Les grands thèmes évoqués plus haut ont amené la communauté solaire française à imaginer un télescope solaire qui allie plusieurs qualités : grande résolution angulaire, situation privilégiée et absence de polarisation instrumentale. Il fallait pouvoir mesurer les champs magnétiques, donc la polarisation dans les raies spectrales, sur des structures très fines de l’atmosphère du Soleil.

Jean Rayrole avait déjà une très grande expérience dans l’étude des champs magnétiques solaires grâce au magnétographe de Meudon. Malheureusement, l’utilisation d’un sidérostat introduit une forte polarisation linéaire qui limite considérablement les possibilités de l’instrument. Pour faire une analyse complète de la polarisation, il faut pouvoir déterminer les paramètres de Stokes de l’onde lumineuse. Les paramètres de Stokes sont un ensemble de quatre valeurs qui décrivent l’état de polarisation d’une onde électromagnétique. Ces paramètres sont souvent notés sous la forme d’un vecteur et s’expriment en fonction de l’intensité totale du faisceau, son taux de polarisation et les paramètres de l’ellipse de polarisation. Ils permettent de décrire la lumière non polarisée, partiellement et totalement polarisée. Cette représentation vectorielle est adaptée à l’expérience, car chaque paramètre correspond à une somme ou une différence d’intensités mesurable.

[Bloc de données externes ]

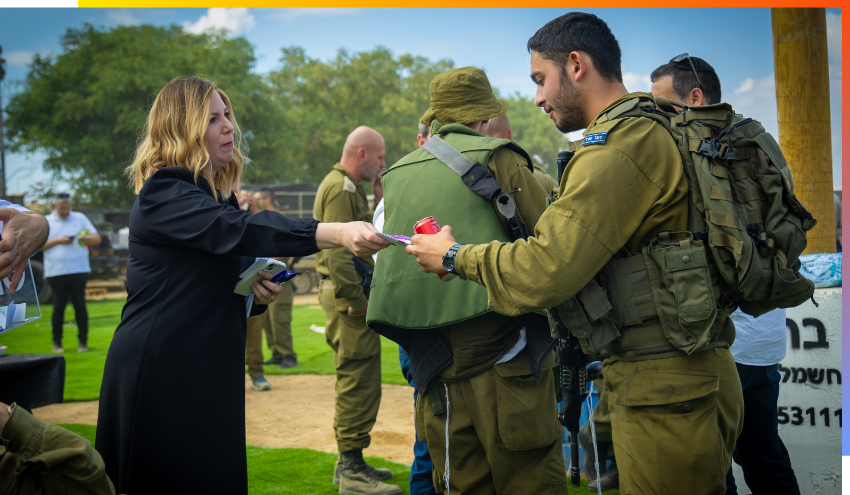Jamie Geller hands a soldier a drink and a note prior to the soldier's deployment to Gaza in October
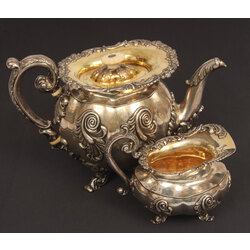 A silver teapot and creamer with gilding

I = 1, Q = U = V = 0 : la lumière est naturelle
I² = Q²+U² + V² : la lumière est totalement polarisée
V = 0 : la polarisation est rectiligne
V = I, U = Q = 0 : polarisation circulaire
U = 0 : polarisation elliptique

THEMIS est un télescope de type Ritchey-Chrétien sous vide, directement pointé sur le Soleil. Sa polarisation elliptique est nulle et la polarisation rectiligne inférieure à 1/10000. Il focalise l’image du Soleil sur la fente d’un spectrographe derrière laquelle on place des lames cristallines achromatiques, quart d’onde pour mesurer la polarisation circulaire et demi onde pour la polarisation rectiligne. Les axes de ces lames sont parallèles et perpendiculaires à la fente du spectrographe. On place ensuite deux cristaux de quartz dont les faces sont taillées à 45° de l’axe cristallographique. Ils sont croisés l’un par rapport à l’autre et orientés de façon que les deux faisceaux de lumière rectiligne qu’ils transmettent soient polarisés à 45° de la fente du spectrographe.

Le bâtiment THEMIS est conçu pour conserver la qualité des images. Les formes arrondies de la construction limitent la turbulence. Son orientation, en fonction des vents dominants, est optimisée pour favoriser les observations matinales qui sont les meilleures. Le bardage d’aluminium peint en blanc réduit l’échauffement. Le télescope est porté par une tour intérieure en béton indépendante du bâtiment principal pour éviter la propagation des vibrations. Le télescope est à 22,5 mètres du sol au-dessus de la zone de turbulence due à l’échauffement de la terre par le Soleil.

Le système THEMIS est composé d’un télescope Ritchey-Chrétien (variante du Cassegrain classique à grand champ) de 90 cm de diamètre sous vide. L’analyseur de polarisation et le miroir secondaire sont refroidis. Un dispositif d’optique adaptative pour annuler la turbulence atmosphérique est en cours d’étude. Un spectrographe prédisperseur permet de sélectionner les domaines à observer qui sont envoyés sur un spectrographe échelle. Avec un tel système, l’observateur obtient autant de spectres que de domaines choisis. 20 caméras CCD collectent les données spectrales. Le prédisperseur et le spectrographe échelle peuvent aussi être utilisés en spectro-imagerie. Les spectrographes fournissent plus de 2 millions d’octets de données par seconde, soit l’équivalent de plus de 8000 profils de raies toutes les deux secondes.

Une seconde instrumentation, construite par l’Italie, est disponible. Il s’agit d’un filtre universel biréfringent comprenant un interféromètre de Fabry-Perot à bande étroite de 0,02 Å équipé d’une caméra CCD. Afin d’exploiter au mieux ces données, une base informatique, BASS2000, est en place à Tarbes. Elle regroupe également les informations provenant des autres observatoires français et est en relation avec la base MEDOC qui archive les données du satellite SOHO.